Ron DePinho has blazed a wide trail in cancer research. As founding director of the Belfer Institute for Applied Cancer Science at Dana-Farber and former president of MD Anderson Cancer Center in Houston — where he departed after a rocky tenure which he now fiercely defends — DePinho spearheaded translational programs and managed, among other things, to build a clinical trial engine that proved pivotal in a number of FDA approvals.
That’s why when he learned about his colleague David Tweardy’s work on STAT3 — a protein tied to a wide range of diseases — the serial entrepreneur went all in to co-found Tvardi Therapeutics.
“It’s been one of these Holy Grail molecules that folks have tried to develop inhibitors for,” he tells me.
Using a screen he designed 10 years ago, Tweardy, head of internal medicine at MD Anderson, had found a compound that prevents STAT3 from becoming phosphorylated by the receptors it typically interacts with, meaning it cannot then go on to turn on genes that are important in cancer, fibrosis and inflammation. Given that hyperactivated STAT3 is present in more than 50% of cancers — often turning up immunosuppression in the tumor microenvironment — he theorized that a potent inhibitor here that doesn’t trigger safety issues could have a big impact.
That seems to be the case throughout the preclinical testing done in his lab, which led Tweardy and DePinho to the Phase I that Tvardi is currently conducting. Now, with a fresh $9 million in Series A funding, the biotech expects to wrap up dose and safety studies in 3 to 4 cancer types for its lead oral drug, explore an IV formulation for use in non-cancer indications, and hustle a second program to the door of the clinic.
Somewhere in that timeline are trials involving checkpoint inhibitors, as Tvardi believes TTI-101 could be used in combo or as a follow-up to PD-1 agents.
And they hope to do all that by the end of 2019, with the help of a permanent CEO they are still searching for.
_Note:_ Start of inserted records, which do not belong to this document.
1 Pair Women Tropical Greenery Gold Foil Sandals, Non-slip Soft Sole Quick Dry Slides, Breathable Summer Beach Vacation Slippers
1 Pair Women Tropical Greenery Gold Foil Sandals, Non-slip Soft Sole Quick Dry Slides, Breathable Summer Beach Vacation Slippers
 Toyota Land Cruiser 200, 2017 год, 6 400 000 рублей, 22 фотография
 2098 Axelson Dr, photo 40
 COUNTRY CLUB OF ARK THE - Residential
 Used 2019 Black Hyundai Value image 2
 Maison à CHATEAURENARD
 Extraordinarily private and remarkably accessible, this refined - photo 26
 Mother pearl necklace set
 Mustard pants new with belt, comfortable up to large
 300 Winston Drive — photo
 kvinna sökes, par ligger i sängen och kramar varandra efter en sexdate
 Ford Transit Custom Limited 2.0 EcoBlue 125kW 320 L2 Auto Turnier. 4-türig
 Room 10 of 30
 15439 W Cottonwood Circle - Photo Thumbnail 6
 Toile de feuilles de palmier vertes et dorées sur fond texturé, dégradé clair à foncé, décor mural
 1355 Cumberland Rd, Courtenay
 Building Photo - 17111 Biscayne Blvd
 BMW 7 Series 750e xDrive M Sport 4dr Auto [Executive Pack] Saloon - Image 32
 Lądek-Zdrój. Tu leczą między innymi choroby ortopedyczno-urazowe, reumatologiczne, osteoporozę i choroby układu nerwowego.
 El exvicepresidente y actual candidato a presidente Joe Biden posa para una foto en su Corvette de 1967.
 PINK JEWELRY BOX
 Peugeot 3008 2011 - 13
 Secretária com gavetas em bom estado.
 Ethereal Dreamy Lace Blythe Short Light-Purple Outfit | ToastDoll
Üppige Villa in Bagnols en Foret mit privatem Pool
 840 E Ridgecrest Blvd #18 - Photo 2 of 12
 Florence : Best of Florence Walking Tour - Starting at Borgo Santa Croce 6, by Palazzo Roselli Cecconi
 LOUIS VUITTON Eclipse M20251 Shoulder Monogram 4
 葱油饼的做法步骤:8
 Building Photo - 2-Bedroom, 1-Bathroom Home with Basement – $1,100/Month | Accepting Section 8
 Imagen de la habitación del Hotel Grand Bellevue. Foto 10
It’s not a ton of money in today’s mega-round studded world, but DePinho says staying flexible and capital efficient would be a key strategy for the company’s early days — a strategy that also involves seeking non-dilutive grant funding. Most of the investors in this round will remain unnamed, but he volunteered Monica Beam at Alexandria as an example of the “very sophisticated but private investors” he chose to work with.
“We don’t have a large bureaucratic organization, so we’re able to make decisions and be very flexible which is critically important here, because STAT3 has so many different opportunities […] that one needs to have a certain level of focus and prioritization,” he says.
At around a dozen employees, the small company is reminiscent of Karyopharm, another oncology company DePinho helped start before joining MD Anderson — where he is still faculty after stepping down from a six-year tenure as president. During that time, the center experienced reported operating losses of more than $460 million over 16 months and hundreds of staffers were laid off.
DePinho, however, sees it differently.
“It was an extraordinarily successful financial situation,” he tells me, citing “$3.7 billion in margin, the healthiest financial balance sheet in the United States for an academic medical center, record philanthropy and ranked No. 1 in corporate alliance revenues and IP revenues.”
He’s now moved on to new endeavors, including Tvardi. Once the Phase I data are in, DePinho expects to ramp up business development talks. He’s already thinking about the next round, which “would likely be our last one en route to either an IPO or other event.”